L’individualisation a détruit les anciennes solidarités, désagrégé leur culture, rongé leur identité collective. Les ouvriers représentent pourtant encore aujourd’hui en France un cinquième de la population active. Qui sont-ils? D’où viennent-ils? Que veulent-ils? Qu’ont-ils en commun et qu’est ce qui les sépare? Stan Neumann se pose ces questions et bien d’autres encore dans sa monumentale, passionnante et polyphonique série documentaire.

Déclinée en quatre épisodes d’une petite heure, elle raconte sur plus de trois siècles l’Histoire européenne des ouvriers. Tout commence en Angleterre au début du XVIIIe siècle quand, portée par un grand boom textile, une nouvelle économie industrielle et commerciale voit le jour. En quête de profits toujours plus importants, le marchand décide de prendre le contrôle de toute la chaîne de production et rassemble ses activités dans un seul lieu: l’usine. Le tisserand indépendant ne peut lutter. Il doit vendre sa force de travail contre un salaire.

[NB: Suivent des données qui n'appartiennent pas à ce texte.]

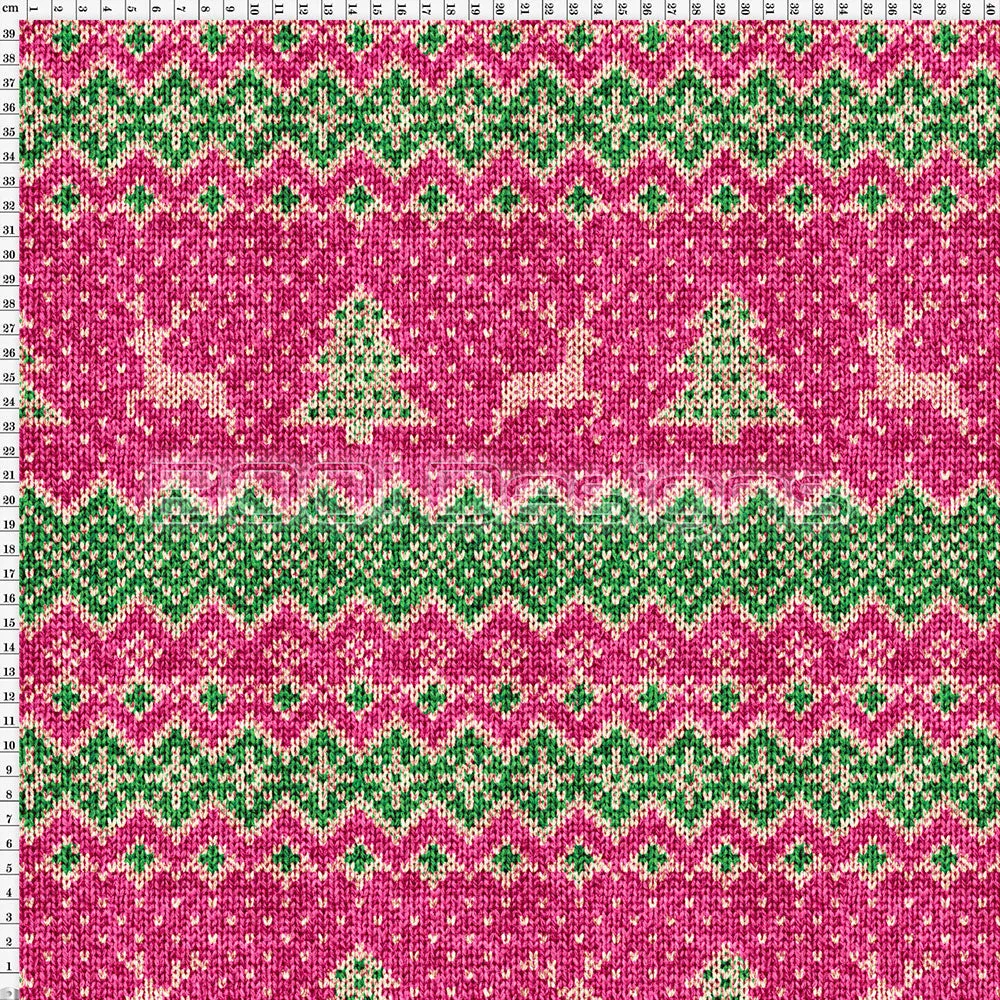 Spandex Fairisle Reindeer Pink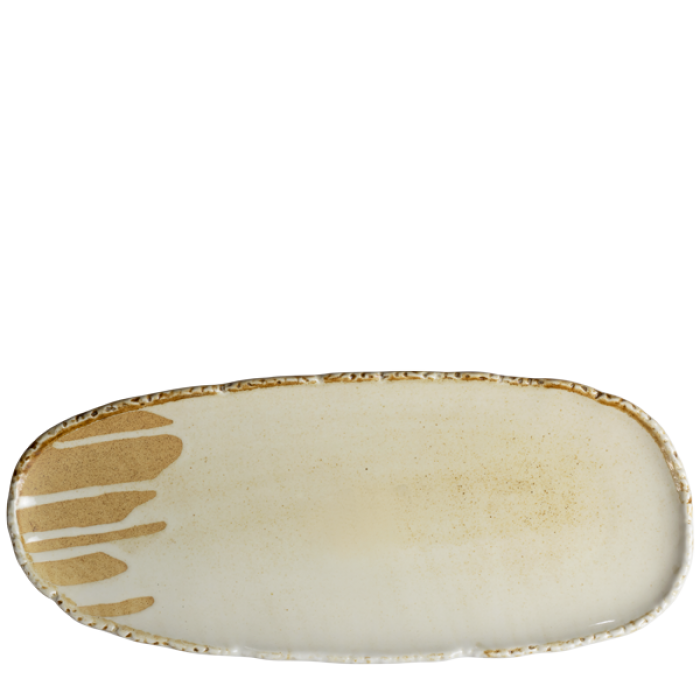 Farfurie ovala intinsa din portelan CULINARO FUJI, 35x15xh2cm, bej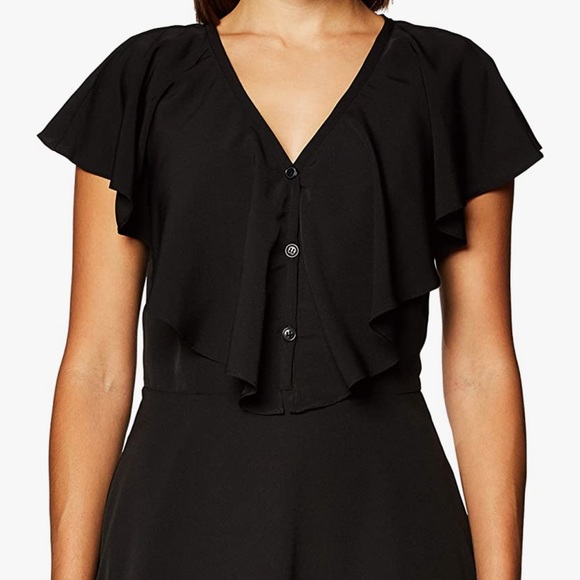 Lark & Ro V-Neck Ruffle Fit and Flare Dress - Picture 3 of 9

Didactique, très bien et clairement expliqué, construit sur d’incroyables images d’archives (célèbres et méconnues) mais aussi des dessins et animations stylisées et pleines d’humour, Le Temps des ouvriers est une réflexion brillante et précieuse en ces moments de grands bouleversements. Un film que feraient bien de regarder tous ceux qui doivent construire le monde de demain. Et pas que les patrons, les économistes, les scientifiques et les politiciens…

Auteur et réalisateur français né à Prague, Neumann parle de l’usine et du temps. Du contrôle jadis truqué par les chefs. Des journées de 16 heures parfois, avec deux autres pour les trajets, histoire d’ôter l’opportunité aux travailleurs de comploter et de boire… Il se penche sur Marx et la lutte des classes. Le taylorisme et la loi du chronomètre. Le travail à la chaîne qui abîme le corps et le cerveau. Les premières lois de protection sociale et cet argument opposé aux patrons récalcitrants: « Il faut protéger le corps des ouvriers car ils sont du capital au même titre que les machines. »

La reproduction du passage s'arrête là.